Public Agenda did a similar survey in 2002, and they note that since then, there has been an increase in immigrants who say that they want to become citizens in order to make it easier to bring other family members to the U.S. This could be seen as a consequence of the increasingly long visa backlogs that have developed for the family members of permanent legal residents in an immigration system that has not been updated in two decades.
While immigrants in the 2009 survey (and others before it) show their eagerness to join our civic life, they face increasing barriers. On September 11, the National Council of La Raza released a paper highlighting a sharp decrease in naturalization applications in recent months. This decrease in citizenship applications is occurring in the context of the current economic crisis and a sharp increase in naturalization application fees. From 2006-2007, the median income for non-citizens had dropped 7.3 percent and has not recovered. In 2007, the fee for the naturalization application went from $330 to $595, on top of which there is an additional $80 charge for fingerprinting.
The concern is that, for low-income applicants, citizenship is being priced out of reach. It is time to re-think how the immigration service agency is funded.

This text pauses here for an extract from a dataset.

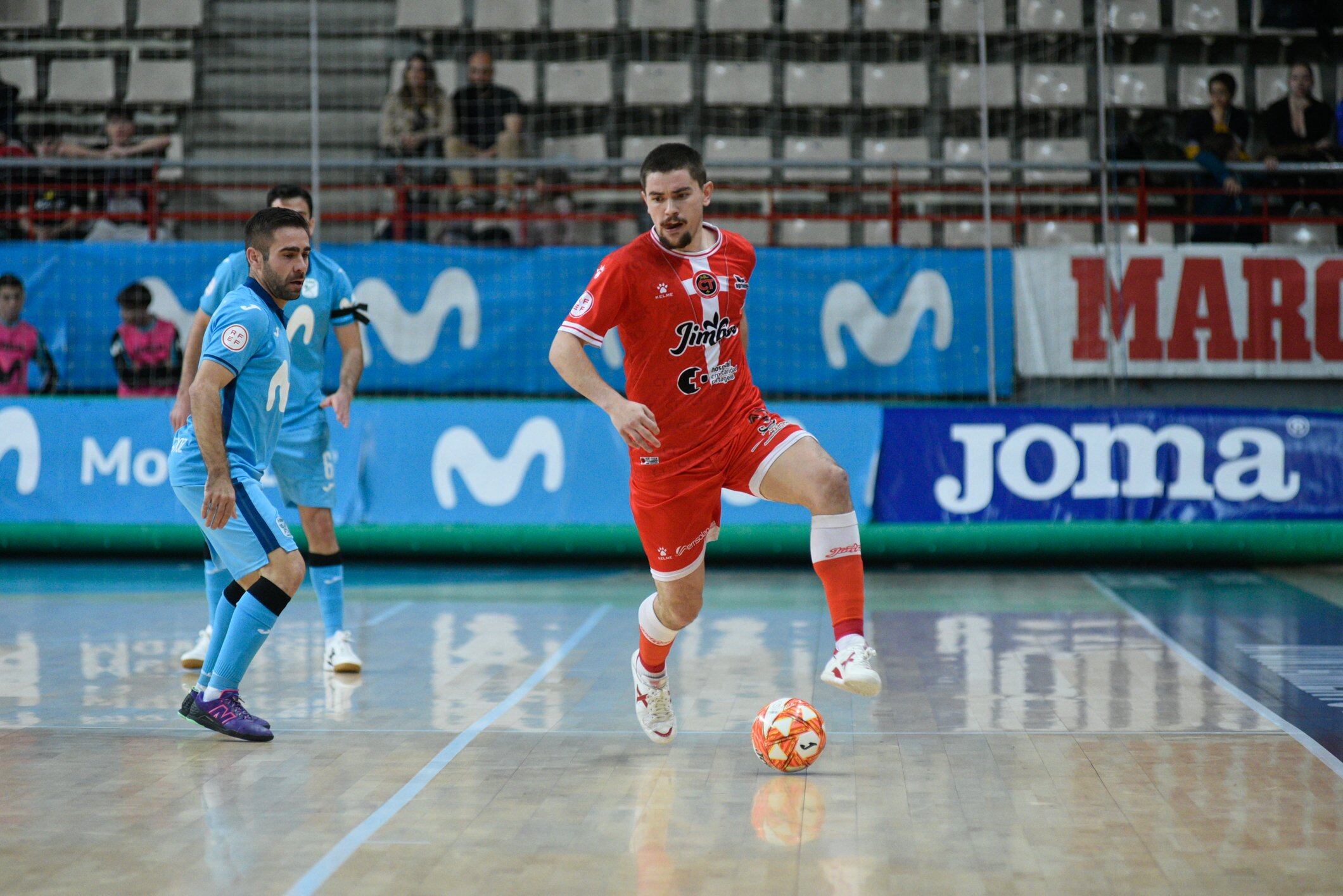 Mellado controla el balón durante uno de los partidos de Jimbee ante Inter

Currently, immigrants pay not just for the processing of their own application, but also for infrastructure improvements at the U.S. Citizenship and Immigration Services (USCIS, the immigration service agency), some immigration enforcement functions, and the processing of the applications of other immigrants who are not charged a fee.
Piling all those costs on to individual applicants is a problem for the agency as well. It derives almost all of its revenue from fees, and when immigrants can’t pay, USCIS must scramble to make adjustments to its budget. According to the Associated Press, USCIS is expecting a shortfall of almost $300 million by the end of its Fiscal Year on September 30 due to the drop in naturalization and other immigration applications.
The agency may be in another cycle of catching up with its work after a surge in fee revenue and then falling behind when fee revenue falls short. It is time for a change in the way USCIS is funded. (You can read more on the history of recent naturalization backlogs and efforts to catch up in this report.)
The Administration, in its budget request for next year, has begun to recognize the problem, and has asked Congress for appropriations to cover the cost of some of the expenses that immigrants now pay for, but that are not related to their applications. The outcome of that request is still uncertain. The House is willing to give the Administration much of what it asked for; the Senate very little.
Despite the increasing hardships, immigrants continue to overcome the obstacles and become Americans. If you haven’t seen a ceremony where immigrants are sworn in as U.S. citizens, you might have your chance on September 17. In honor of Citizenship Day, USCIS will conduct 73 special ceremonies from Camden, New Jersey, to Yosemite National Park, California. On that day, 8,328 immigrants will take the Oath of Allegiance and join us in this great American experiment.